Strategic Insight in Three Circles

Sometimes the simplest tools are the most powerful.  In this month’s Harvard Business Review, Joel Urbany and James Davis of Notre Dame’s Mendoza College of Business suggest that critical strategic insights can be gained from populating a template involving just three circles.
Although most executives can recite the truism that a company must build a distinct competitive advantage in order to grow and be profitable over the long term, many have only the fuzziest idea what that really means. . .We often encounter these executives in our consulting work and in our classrooms. We tell them to draw three circles. Those circles, placed in the proper relationship to one another, provide a good visual representation of what strategy—both internal and external—means. 
Here’s how it works.

1. Draw a circle and fill it with the things that customers value and why—that is, Customers’ Needs. Depending on the complexity and breadth of your offering, you may need to focus on a specific customer segment. Note that this exercise, when done in a group, may reveal brand new or emerging opportunities for value creation. Urbany and Davis explain, “The first circle thus represents the consensus view of everything the most important customers or customer segments want or need.”

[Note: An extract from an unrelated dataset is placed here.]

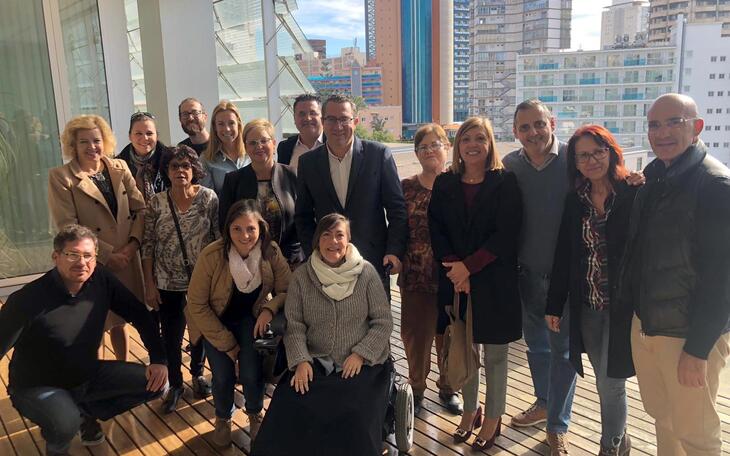 Benidorm despliega un gran lazo para conmemorar el Día Internacional de las Personas con Discapacidad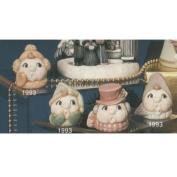 K1993- 4 Merry Balls Ornaments 8cm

2. Now draw a second circle. You’ll fill this one with how customers perceive Company Offerings. This one could be especially tricky in a group exercise, because (short of good, hard analysis), there may be plenty of opinions about how customers perceive your product and brand.

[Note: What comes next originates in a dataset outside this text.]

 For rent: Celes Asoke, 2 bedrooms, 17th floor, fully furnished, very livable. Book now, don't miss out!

3. Now “slide” the two circles together so that your specific set of offerings overlap with customers' needs. Let’s hope that the overlap “feels” good and solid, so that there’s a high comfort level that you are providing some significant benefit or set of benefits that the customer requires. Urbany and Davis tell us, “Even in very mature industries customers don’t articulate all their wants or problems in conversations with companies. ..Customers’ unexpressed problems can often become a source of relationship building and growth opportunity.”

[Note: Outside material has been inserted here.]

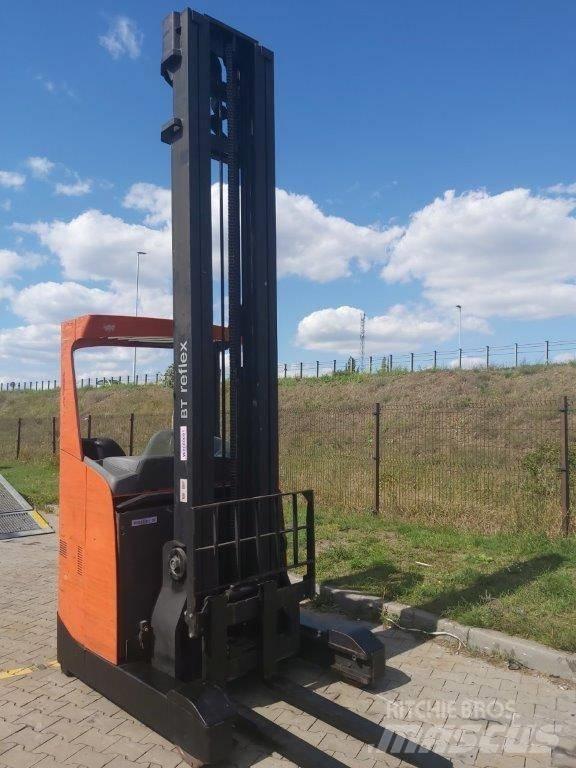BT RR E 160 Chariot à mât rétractable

At this point, you can probably see a number of areas where further investigation may be required—even though you think about this stuff everyday.

4. Now it’s time for the last circle, which represents how customers perceive the offerings of your competitors. This third circle slides up to overlap the first two in a variety of interesting ways, as follows:

Each area within the circles is strategically important, but A, B, and C are critical to building competitive advantage. You should ask questions about each.

For A: How big and sustainable are our advantages? Are they based on distinctive capabilities? (Urbany and Davis note: “But the biggest surprise is often that area A, envisioned as huge by the company, turns out to be minuscule in the eyes of the customer.”)

For B: Are we delivering effectively in the area of parity?

For C: How can we counter our competitors’ advantages?

You should form hypotheses about the company’s competitive advantages and test them by asking customers. The process can yield surprising insights, such as how much opportunity for growth exists in the white space (E).

Another insight might be what value the company or its competitors create that customers don’t need (D, F, or G). This plays, by the way, to Christensen’s Innovator’s Dilemma: Where have you pushed the technology or offering so far that folks stopped seeing value in it?

Perhaps the greatest insight will be how much opinion and conjecture there are behind your "analysis," instead of data-based knowledge. That alone—knowing what you don’t know—may be one of the most useful outcomes of the exercise.